But even technological solutions will have failures. With barcoding systems we’ve certainly seen instances where the wireless access fails or the batteries in the scanners run down and providers resort to shortcuts and workarounds. Barcoding systems and other new technologies are still subject to numerous workarounds (see our June 17, 2008 Patient Safety Tip of the Week “Technology Workarounds Defeat Safety Intent”).


So what about low tech solutions? The timeout is a logical tool to use. Just as in the OR we use a timeout to verify the correct patient (and many other things) you could use a timeout to verify the correct baby/mother combination or identify the correct baby going for any other procedure. Certainly at least asking the mother to verbally provide her name and date of birth plus the name of the baby makes sense.


Use of checklists could also be very valuable. Almost all maternity units keep at the bedside a log where the mother or nurse records the time breastfeeding took place. It would be very easy to add a checklist item to that for the mother/baby verification.


What about double checks? A point we have made over and over is that double checks are very weak safety interventions (see our October 16, 2012 Patient Safety Tip of the Week “What is the Evidence on Double Checks?”). From all industries we know that the error rate when a supervisor checks someone else’s work may be 10% or higher. And we don’t know what influence the double check has on the error rates of the original person. It is quite conceivable that the original person may make more errors if they feel that their errors will be intercepted by a second reviewer. We did discuss the possibility of using double checks to prevent mother/baby mismatching in our November 17, 2009 Patient Safety Tip of the Week “Switched Babies”. We noted there might be some potential benefit if double checks, particularly at discharge, were applied to the baby/mother identification verification process. However, we suspect that requiring double checks for every breastfeeding occurrence on a maternity unit would be burdensome and become easily susceptible to workarounds.


And, importantly, we feel that you must have some way of auditing your processes to ensure compliance with your well-intentioned policies. The best policies in the world will not help if no one adheres to them. Plus auditing helps you identify when workarounds are being used. Workarounds are almost always indicative of a flaw in your policy or procedure and should tip you off that you need to fix the underlying system.

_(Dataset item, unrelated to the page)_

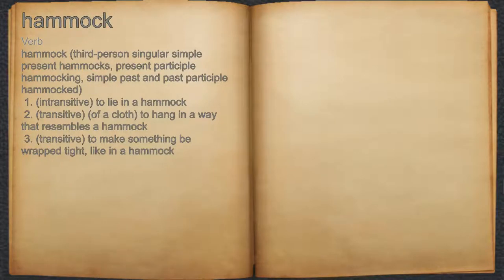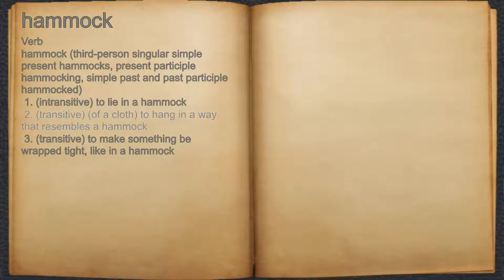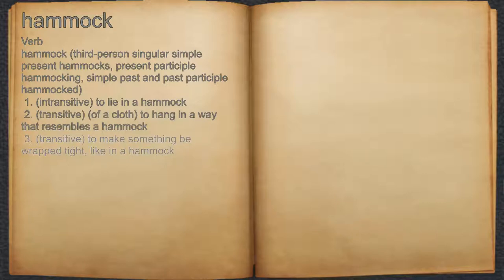Hammock. Verb. 1. Intransitive, to lie in a hammock. 2. Transitive, of a cloth, to hang in a way that resembles a hammock. 3. Transitive, to make something be wrapped tight, like in a hammock.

The audits could be random spot audits or “secret shopper” type audits.



Our November 17, 2009 Patient Safety Tip of the Week “Switched Babies” also discussed the risk of babies being fed expressed breast milk from the wrong mother. The Pennsylvania Patient Safety Authority issued a Patient Safety Advisory on Mismanagement of Expressed Breast Milk in 2007 (PPSA 2007). The Pennsylvania Patient Safety Reporting System (PA-PSRS) had received 20 reports of infants being fed another mother’s expressed breast milk. They identified risk factors that involved not only identification issues but also labeling issues, and problems with verification, storage and dispensing. The Advisory has good recommendations on risk reduction strategies and an excellent section on how to respond and manage patients when such exposures do occur, particularly managing the risk for infectious disease transmission. All those recommendations obviously would also apply in cases where infants were directly exposed to breastfeeding by the wrong mother.


So, is your organization at risk? This is another great topic for a FMEA (failure mode and effects analysis).



See also our columns on infant abductions, which contain further pertinent information about infant identification:

·        December 20, 2011 Patient Safety Tip of the Week “Infant Abduction

·        September 4, 2012 Patient Safety Tip of the Week “More Infant Abductions







Associated Press. Baby given to wrong mother at Minneapolis hospital. Duluth News Tribune 2012; December 7, 2012



Lerner M. Newborn at hospital is brought to wrong mom for feeding. Minneapolis Star Tribune. December 6, 2012



Sun LH. Baby is breast-fed by wrong woman at Virginia Hospital Center. Washington Post 2010; July 28, 2010



Cooper A. Switch shock as newborns go to wrong families. Sydney Morning Herald. July 18, 2011



Dalton J, Kim I-H, Lim B-K. RFID Technologies in Neonatal Care. White Paper by Intel Corporation, LG CNS,  ECO Inc., and WonJu Christian Hospital. September 2005



Daily Mail Reporter. Baby given to WRONG mother to breastfeed after hospital mixes up newborns. Daily Mail Online 2012; December 7, 2012



Kennedy C. Baby Mix-up Has Apple Valley Mom Seeing Red. Apple Valley-Rosemount Patch 2012; December 6, 2012



Shojania KG. AHRQ Web M&M Case and Commentary. Patient Mix-Up. February 2003.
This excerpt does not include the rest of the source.